C’est une tendance qui s’esquisse depuis plusieurs années et que les chiffres confirment. Selon une note de la Cnuced, la Conférence des Nations unies sur le Commerce et le Développement, les Kényans sont les premiers détenteurs de cryptomonnaies en Afrique : 8,5% de la population, soit 4,25 millions de personnes, en possèdent. Le pays arrive même en cinquième position au classement mondial, derrière l’Ukraine (12,7%), la Russie (11,9%), le Venezuela (10,3%) et Singapour (9,4%). L’Afrique du Sud et le Nigeria se classent respectivement en 8e et 9e positions. Et si en nombre d’individus, le géant nigérian détiendrait le record d’Afrique (13 millions de détenteurs), en proportion de la population, c’est bien le Kenya qui est sur la première marche du podium.
Dans tous ces pays, comme dans tous ceux en développement, la pandémie n’a fait que renforcer l’attrait pour les cryptomonnaies.
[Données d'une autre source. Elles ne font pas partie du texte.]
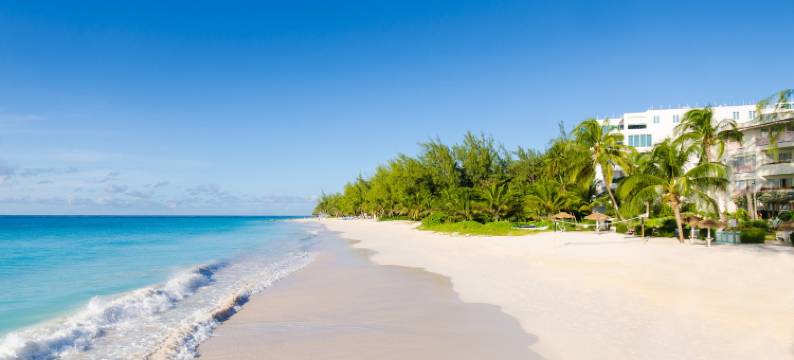 巴巴多斯三角梅酒店(Bougainvillea Barbados)图片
Et ce pour deux raisons principales, selon la Cnuced : d’abord, il s’agit d’un « canal attractif », en termes de prix et de rapidité, par lequel envoyer des fonds, face à des coûts jugés prohibitifs, notamment au moment des confinements. Ensuite, ces cryptomonnaies, « principalement détenues par des personnes à revenu moyen dans [ces] pays », sont aussi perçues – paradoxalement – comme des valeurs refuges, pour « protéger l’épargne des ménages » face à l’hyperinflation et la dépréciation des monnaies réelles.
L’engouement pour les cryptomonnaies sur le continent, et particulièrement dans les pays précédemment cités, ne se dément pas au fil des années. Et ce malgré la défiance affichée des banques centrales, qui pour beaucoup les ont interdites, et qui pour certaines, comme au Nigeria, leur ont même opposé une monnaie numérique « maison » . Une contre-attaque qui peine à obtenir des résultats : le e-Naira, lancé en grandes pompes en octobre 2021, ne rentre pas dans les usages. Malgré cet exemple peu convaincant, le Kenya aimerait lui aussi lancer sa monnaie virtuelle – émise, donc, par sa seule Banque centrale, à l’inverse du côté décentralisé qu’assure la technologie blockchain.
Pendant ce temps, du côté des particuliers, des associations et des entreprises, les projets pullulent. De l’AFRO, lancé en 2017, et présenté par ses concepteurs comme le « bitcoin de l’Afrique », à la très locale Sarafu, utilisée dans une partie de Nairobi, les initiatives se veulent d’abord une réponse au défi de l’inclusion financière qui se pose à de nombreux Africains.